Figure 1. Truncated MCV LT antigen interacts with endogenous BRD4 protein in Merkel cell carcinoma cells.

(A) Nuclear proteins were isolated from MKL-1 and MS-1 cell lines and immunoprecipitated with polyclonal BRD4 antibody and 3 different antibodies against LT antigen i.e. Ab5, Ab3 and CM2B4. BRD4 protein was observed to be co-immunoprecipitated with LT targeting antibodies; however vice-versa was not seen. ε represents the empty lanes between the samples. Input is 2.7% (MKL-1) and 0.8% (MS-1) of total lysate.

(B) MKL-1 were immunostained for BRD4 and LT antigen (using CM2B4) and imaged using FV1000 at 60X magnification. The scale bar represents 5 microns. 4 cells imaged are shown here (of a total of 28 cells, in 3 experiments).

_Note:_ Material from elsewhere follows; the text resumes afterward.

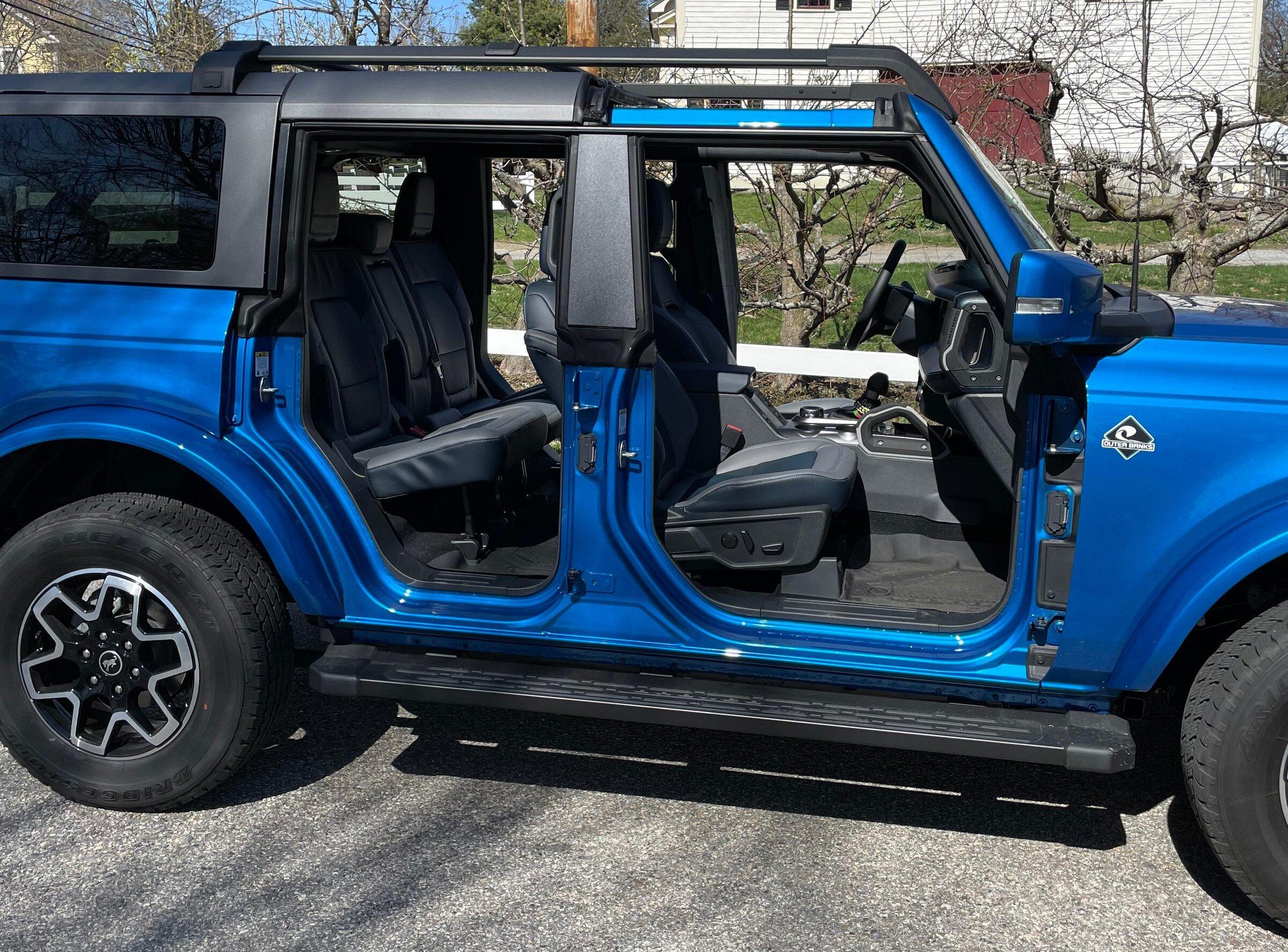 Ford Bronco VELOCITY BLUE Bronco Club Mystique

(C) Represents the Relative Luciferase activity in U2OS cells transfected with MCV NCCR region and BRD4 expressing plasmid along with different combinations of MCV T antigen. Two different truncated LT antigens (LT21 and LT168) were used to test increase in luciferase activity. Each column represents the mean value obtained from 3 independent experiments. Error bars represent SD. (2 technical replicates each time). One-way ANOVA with post-hoc Tukey’s test showed Full LT+sT to be statistically significant in comparison to control and other conditions (p<0.0001).

(D) Corresponding western blot for the luciferase analysis confirms the expression of the different T antigen combinations.